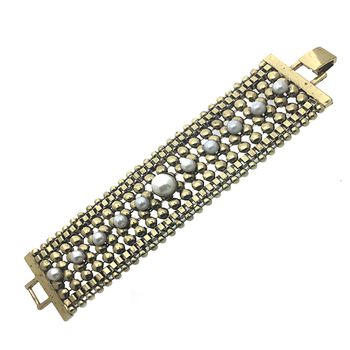Mia's ARYA Pearl Bracelet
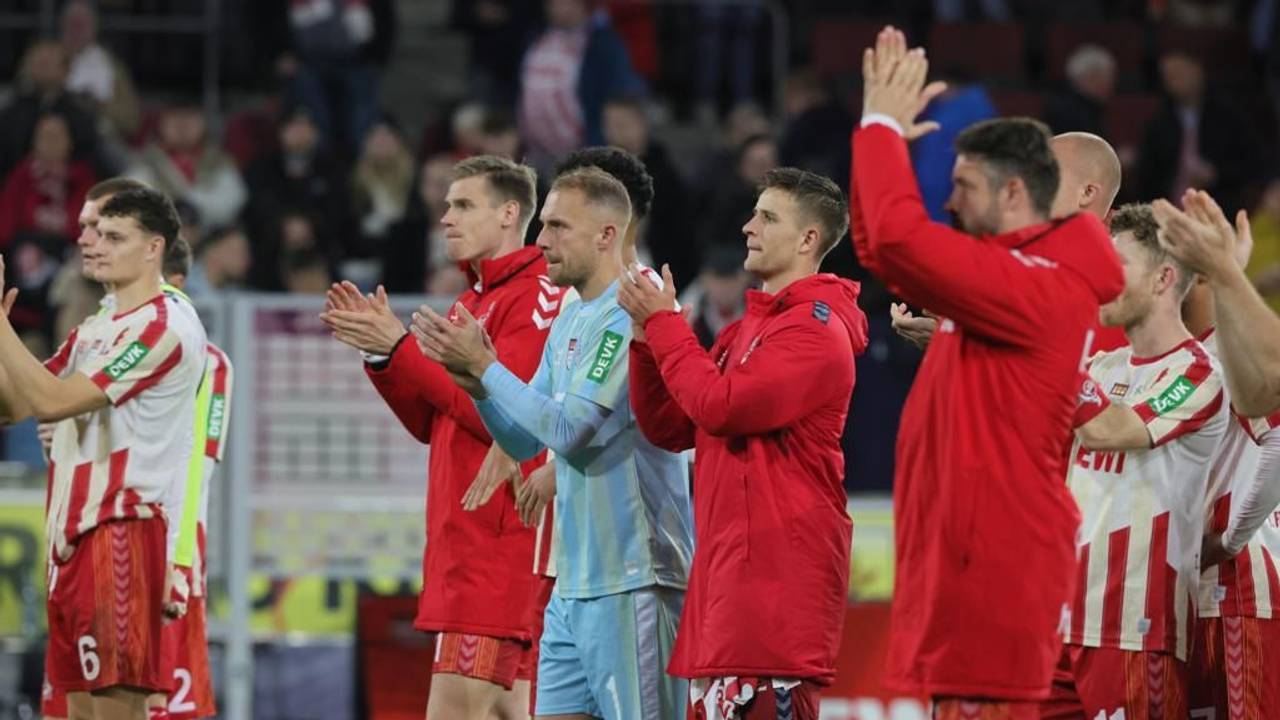 Die FC-Akteure klatschen Beifall.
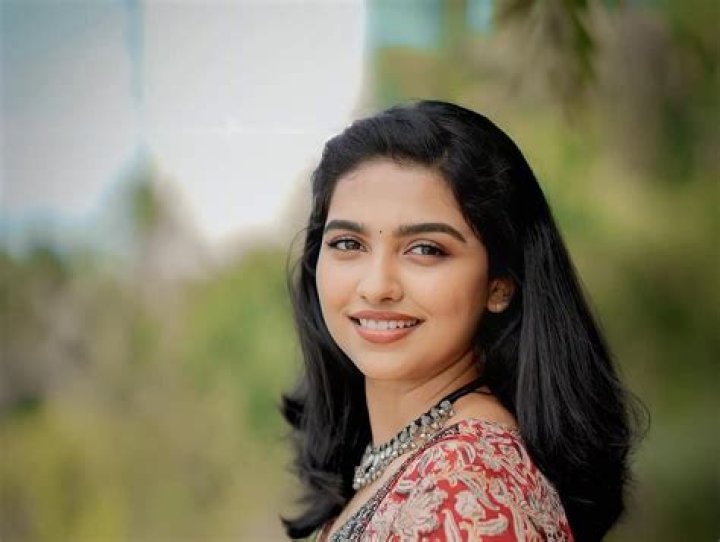 Mamitha Baiju Height: An Exploring Guide To Her Physical Attributes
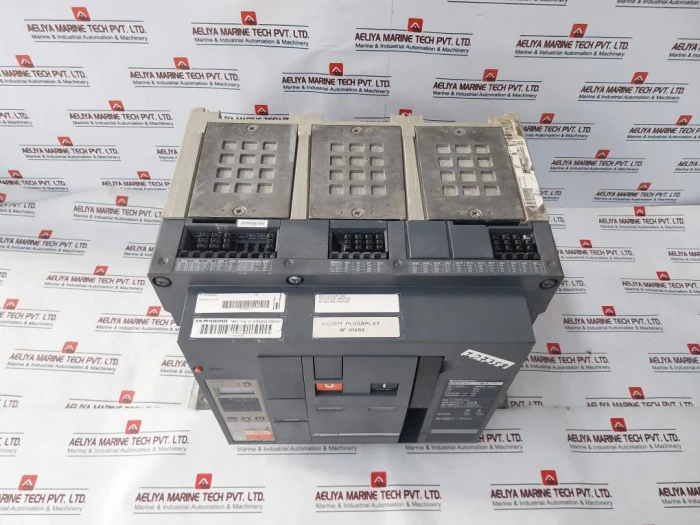 Schneider Electric Nw25 H1 Masterpact Circuit Breaker 2500 Amp - Image 3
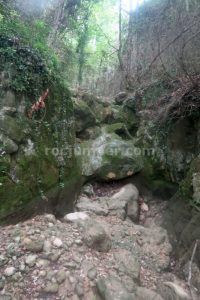 r4 - Torrent de Cal Patzí - La Nou de Berguedà - RocJumper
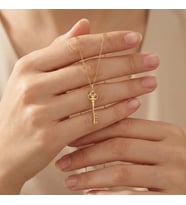 Kişiye Özel 925 Ayar Gümüş Tasarım Anahtar İsim Kolye (Gold)
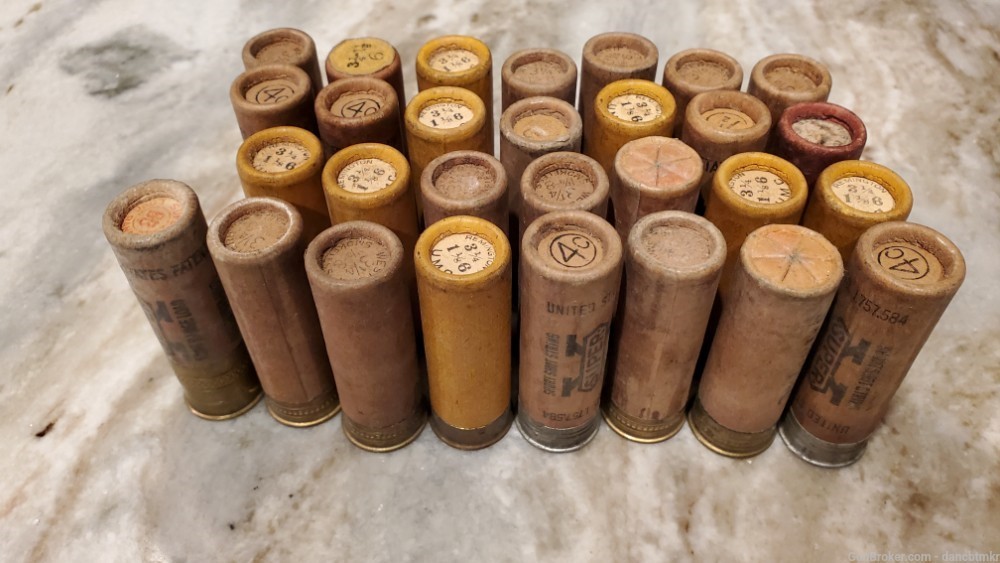 29 count 12 Gauge Paper shotgun shells - roll crimp mixed makes & shots ...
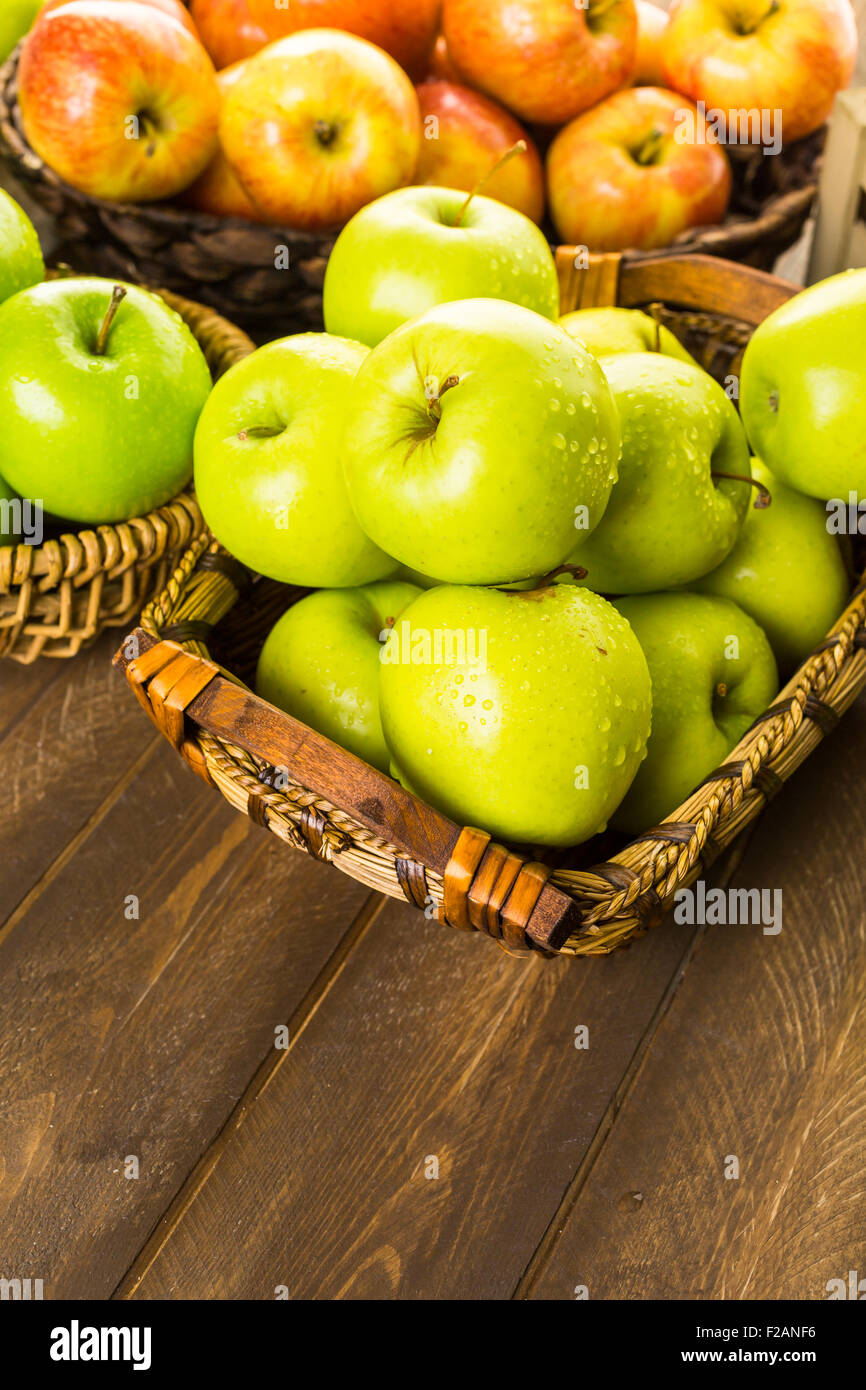 Organic granny smith hi-res stock photography and images - Alamy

◆ **What this task involves**
From the first line to the last, retype the data exactly, but omit every image.

◆ **Response to the task**
Mia's ARYA Pearl Bracelet
 Die FC-Akteure klatschen Beifall.
 Mamitha Baiju Height: An Exploring Guide To Her Physical Attributes
 Schneider Electric Nw25 H1 Masterpact Circuit Breaker 2500 Amp - Image 3
 r4 - Torrent de Cal Patzí - La Nou de Berguedà - RocJumper
 Kişiye Özel 925 Ayar Gümüş Tasarım Anahtar İsim Kolye (Gold)
 29 count 12 Gauge Paper shotgun shells - roll crimp mixed makes & shots ...
 Organic granny smith hi-res stock photography and images - Alamy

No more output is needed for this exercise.